#### About this exercise
When you reach the line containing "View of well-maintained", begin reproducing the lines exactly and continue through the end of the listing, leaving out the pictures.

#### Data excerpt
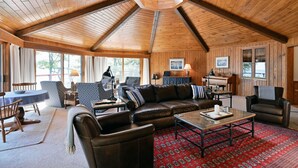 A spacious living room with a high wooden ceiling, leather sofas, a dining table, and a patterned rug. - Lake Shore Home with private dock and large deck--1 mile from Bayfield (Bayfield)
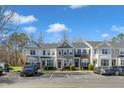 View of well-maintained townhomes, showcasing the community's convenient parking and curb appeal at 8415 Reedy Ridge Ln, Raleigh, NC 27613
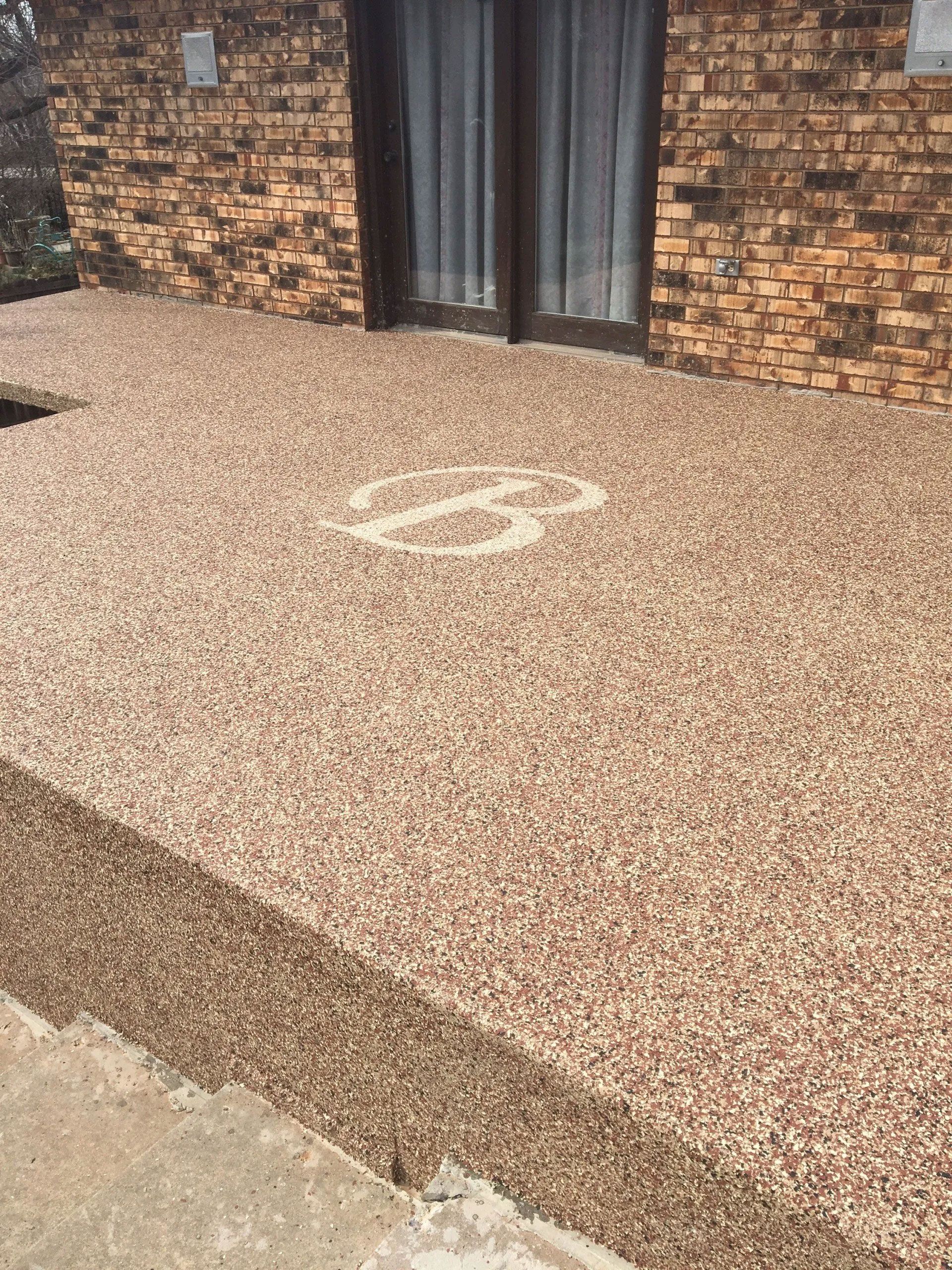A brick house with a concrete porch in front of it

#### Solution to this exercise
 View of well-maintained townhomes, showcasing the community's convenient parking and curb appeal at 8415 Reedy Ridge Ln, Raleigh, NC 27613
A brick house with a concrete porch in front of it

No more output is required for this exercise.